*** Opening Data to use ***

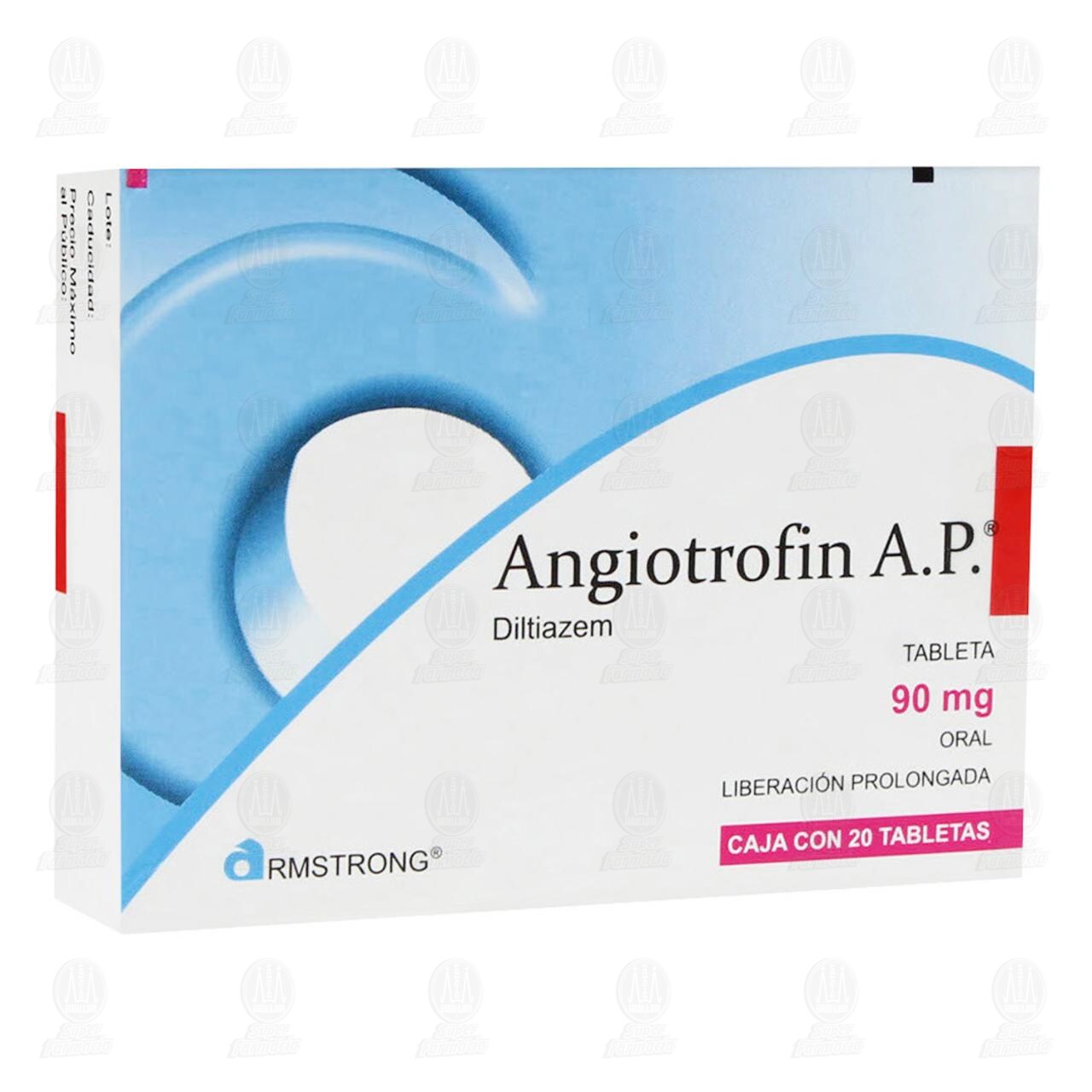 Angiotrofin AP 90 mg, 20 Tabletas.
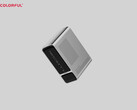 El colorido SMATR 900 es otro mini PC Strix Halo. En la imagen: el PC compacto. (Fuente de la imagen: PC Watch)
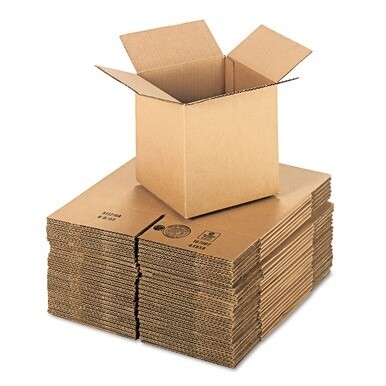 Cubed Fixed-Depth Corrugated Shipping Boxes, Regular Slotted Container (RSC), Medium, 8&quot; x 8&quot; x 8&quot;, Brown Kraft, 25/Bundle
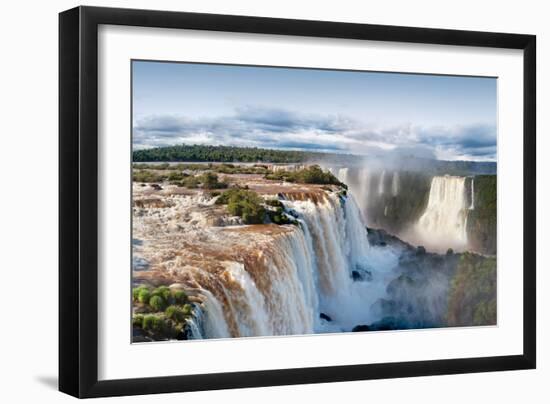 Iguazu Water Fall II-Howard Ruby-Framed Photographic Print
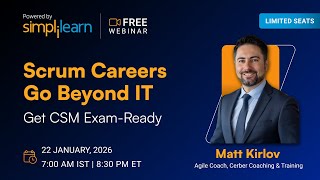 Certified SCRUM Master Exam 2026 | How to Crack CSM Exam 2026 | SCRUM Exam Prep 2026 | Simplilearn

*** Closing Data to use ***

▶ Exercise description
Your task is to restate word for word the lines from the top of the data to the line containing "Iguazu Water Fall", both ends included, with every picture left out.

▶ Solution to the problem
 Angiotrofin AP 90 mg, 20 Tabletas.
 El colorido SMATR 900 es otro mini PC Strix Halo. En la imagen: el PC compacto. (Fuente de la imagen: PC Watch)
 Cubed Fixed-Depth Corrugated Shipping Boxes, Regular Slotted Container (RSC), Medium, 8&quot; x 8&quot; x 8&quot;, Brown Kraft, 25/Bundle
 Iguazu Water Fall II-Howard Ruby-Framed Photographic Print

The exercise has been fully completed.